Voilà ce qu’il faudrait marquer dans des Confessions . Et tâcher de le faire voir. Et tâcher de le faire entendre. D’autant plus exactement, d’autant plus précieusement, et si nous le pouvons d’autant plus uniquement que l’on ne reverra jamais cela. Il y a des innocences qui ne se recouvrent pas. Il y a des ignorances qui tombent absolument. Il y a des irréversibles dans la vie des peuples comme dans la vie des hommes. Rome n’est jamais redevenue des cabanes de paille. Non seulement, dans l’ensemble, tout est irréversible. Mais il y a des âges , des irréversibles propres.

Le croira-t-on, nous avons été nourris dans un peuple gai. Dans ce temps-là un chantier était un lieu de la terre où des hommes étaient heureux. Aujourd’hui un chantier est un lieu de la terre où des hommes récriminent, s’en veulent, se battent ; se tuent.

De mon temps tout le monde chantait. (Excepté moi, mais j’étais déjà indigne d’être de ce temps-là.) Dans la plupart des corps de métiers on chantait. Aujourd’hui on renâcle. Dans ce temps-là on ne gagnait pour ainsi dire rien.
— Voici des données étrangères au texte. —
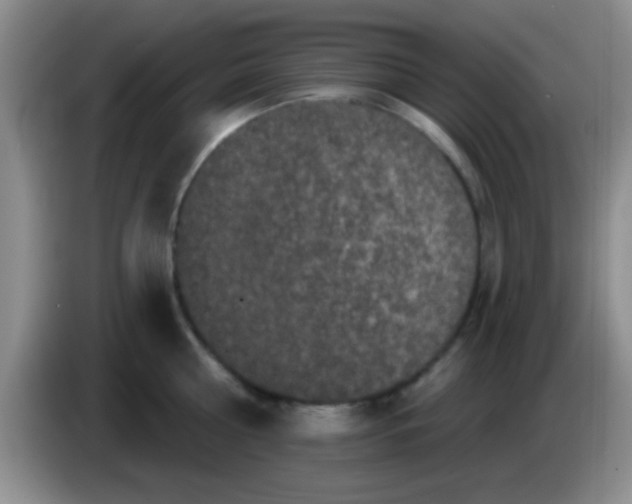 X0000083570810200703091636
Les salaires étaient d’une bassesse dont on n’a pas idée. Et pourtant tout le monde bouffait. Il y avait dans les plus humbles maisons une sorte d’aisance dont on a perdu le souvenir. Au fond on ne comptait pas. Et on n’avait pas à compter. Et on pouvait élever des enfants. Et on en élevait. Il n’y avait pas cette espèce d’affreuse strangulation économique qui à présent d’année en année nous donne un tour de plus. On ne gagnait rien ; on ne dépensait rien ; et tout le monde vivait.
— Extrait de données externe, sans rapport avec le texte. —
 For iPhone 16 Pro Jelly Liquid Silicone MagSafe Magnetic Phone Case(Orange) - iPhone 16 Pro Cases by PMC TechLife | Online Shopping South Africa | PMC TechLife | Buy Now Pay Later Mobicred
Il n’y avait pas cet étranglement économique d’aujourd’hui, cette strangulation scientifique, froide, rectangulaire, régulière, propre, nette, sans une bavure, implacable, sage, commune, constante, commode comme une vertu, où il n’y a rien à dire, et où celui qui est étranglé a si évidemment tort.

On ne saura jamais jusqu’où allait la décence et la justesse d’âme de ce peuple ; une telle finesse, une telle culture profonde ne se retrouvera plus. Ni une telle finesse et précaution de parler. Ces gens-là eussent rougi de notre meilleur ton d’aujourd’hui, qui est le ton bourgeois. Et aujourd’hui tout le monde est bourgeois.
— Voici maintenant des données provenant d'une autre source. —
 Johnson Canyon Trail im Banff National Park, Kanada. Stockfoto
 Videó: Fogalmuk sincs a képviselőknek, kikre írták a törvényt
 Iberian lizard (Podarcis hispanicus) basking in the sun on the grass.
Nous croira-t-on, et ceci revient encore au même, nous avons connu des ouvriers qui avaient envie de travailler. On ne pensait qu’à travailler. Nous avons connu des ouvriers qui le matin ne pensaient qu’à travailler. Ils se levaient le matin, et à quelle heure, et ils chantaient à l’idée qu’ils partaient travailler. À onze heures ils chantaient en allant à la soupe. En somme c’est toujours du Hugo ; et c’est toujours à Hugo qu’il en faut revenir : Ils allaient, ils chantaient.